_Aim of the task_
Copy each line below that contains "Best".

_Source information_
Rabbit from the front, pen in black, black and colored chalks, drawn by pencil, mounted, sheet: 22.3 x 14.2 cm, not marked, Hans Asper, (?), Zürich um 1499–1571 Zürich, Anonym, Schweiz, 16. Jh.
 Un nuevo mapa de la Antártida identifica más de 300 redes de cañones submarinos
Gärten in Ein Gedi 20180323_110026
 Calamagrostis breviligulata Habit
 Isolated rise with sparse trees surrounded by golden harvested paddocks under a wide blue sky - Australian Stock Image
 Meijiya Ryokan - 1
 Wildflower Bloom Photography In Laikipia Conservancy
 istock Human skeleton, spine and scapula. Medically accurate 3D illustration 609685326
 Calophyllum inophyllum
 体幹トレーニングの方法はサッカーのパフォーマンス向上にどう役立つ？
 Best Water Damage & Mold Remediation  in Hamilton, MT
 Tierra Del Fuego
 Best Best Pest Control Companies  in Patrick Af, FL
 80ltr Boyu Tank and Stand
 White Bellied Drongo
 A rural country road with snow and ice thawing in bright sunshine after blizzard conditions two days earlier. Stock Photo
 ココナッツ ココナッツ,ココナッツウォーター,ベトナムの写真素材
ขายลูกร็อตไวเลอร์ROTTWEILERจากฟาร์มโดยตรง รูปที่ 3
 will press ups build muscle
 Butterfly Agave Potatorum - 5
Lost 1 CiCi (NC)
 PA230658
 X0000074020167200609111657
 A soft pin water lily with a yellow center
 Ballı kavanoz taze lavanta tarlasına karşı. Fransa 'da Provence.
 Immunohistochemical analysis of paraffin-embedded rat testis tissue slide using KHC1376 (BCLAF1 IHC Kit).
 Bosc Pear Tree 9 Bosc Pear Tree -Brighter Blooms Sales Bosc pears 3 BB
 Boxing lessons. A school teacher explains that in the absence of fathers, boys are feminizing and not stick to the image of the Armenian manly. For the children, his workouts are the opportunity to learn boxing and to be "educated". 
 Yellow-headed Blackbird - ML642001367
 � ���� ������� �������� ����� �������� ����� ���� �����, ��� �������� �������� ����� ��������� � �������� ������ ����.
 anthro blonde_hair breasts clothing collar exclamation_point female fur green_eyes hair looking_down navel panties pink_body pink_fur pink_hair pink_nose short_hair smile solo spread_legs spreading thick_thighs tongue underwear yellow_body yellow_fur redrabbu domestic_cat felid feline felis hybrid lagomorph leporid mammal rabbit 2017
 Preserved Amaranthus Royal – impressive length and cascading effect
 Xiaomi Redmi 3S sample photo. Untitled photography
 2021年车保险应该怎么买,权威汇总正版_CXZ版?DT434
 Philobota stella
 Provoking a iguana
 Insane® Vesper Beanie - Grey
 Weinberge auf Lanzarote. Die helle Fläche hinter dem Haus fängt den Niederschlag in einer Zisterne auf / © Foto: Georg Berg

_Expected answer_
 Best Water Damage & Mold Remediation  in Hamilton, MT
 Best Best Pest Control Companies  in Patrick Af, FL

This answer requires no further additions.